EXERCISE DETAILS: The entries below must be reproduced exactly; their pictures are not part of the copy.

INFORMATION GIVEN:
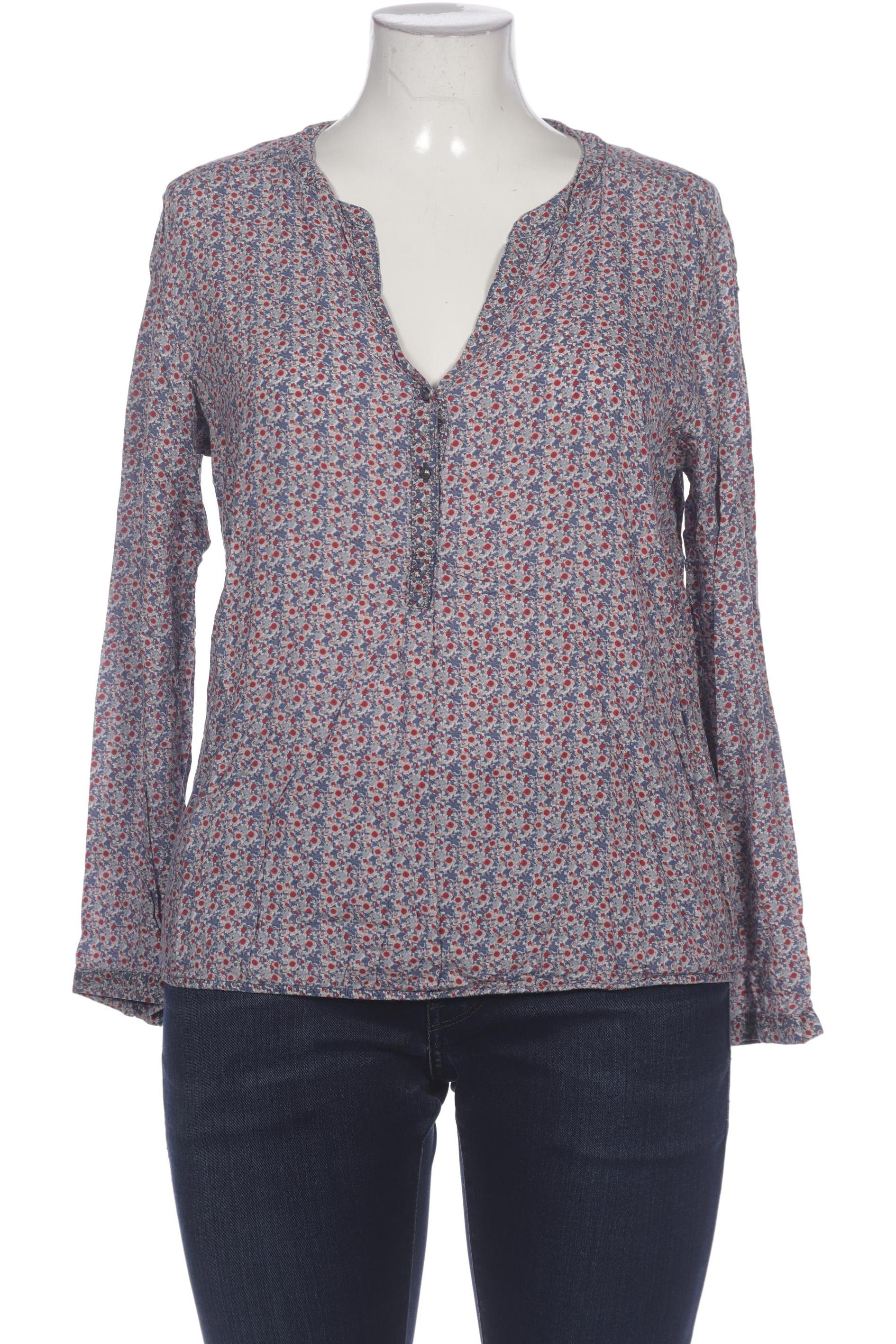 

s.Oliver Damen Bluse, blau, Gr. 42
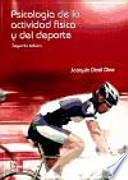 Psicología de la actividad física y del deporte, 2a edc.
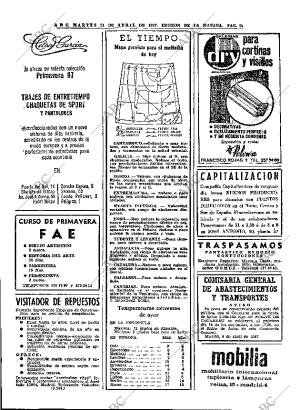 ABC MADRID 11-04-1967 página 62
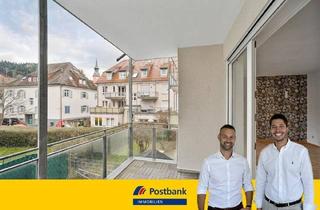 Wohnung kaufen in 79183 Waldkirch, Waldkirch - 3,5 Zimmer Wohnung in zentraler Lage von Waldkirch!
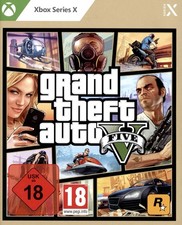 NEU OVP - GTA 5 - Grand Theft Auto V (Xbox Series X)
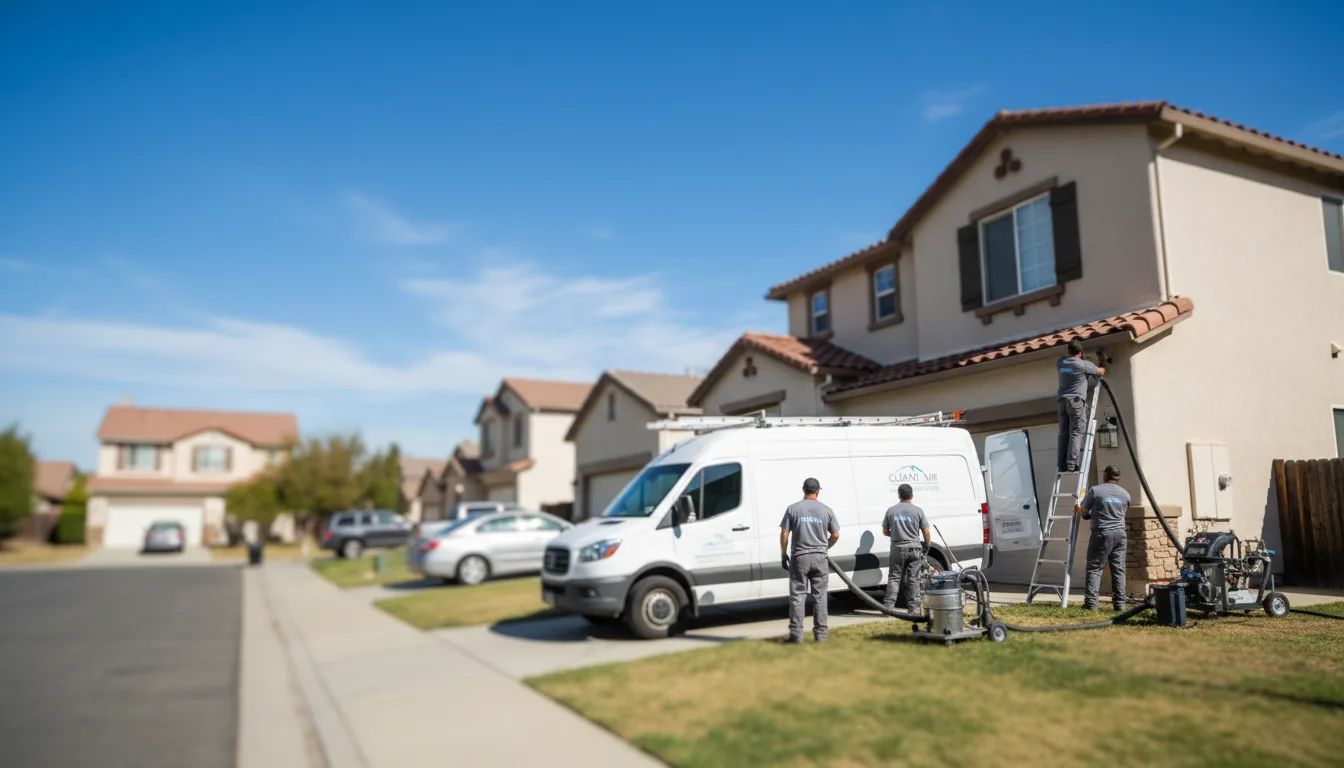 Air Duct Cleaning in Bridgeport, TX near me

RESPONSE TO THIS EXERCISE:
s.Oliver Damen Bluse, blau, Gr. 42
 Psicología de la actividad física y del deporte, 2a edc.
 ABC MADRID 11-04-1967 página 62
 Wohnung kaufen in 79183 Waldkirch, Waldkirch - 3,5 Zimmer Wohnung in zentraler Lage von Waldkirch!
 NEU OVP - GTA 5 - Grand Theft Auto V (Xbox Series X)
 Air Duct Cleaning in Bridgeport, TX near me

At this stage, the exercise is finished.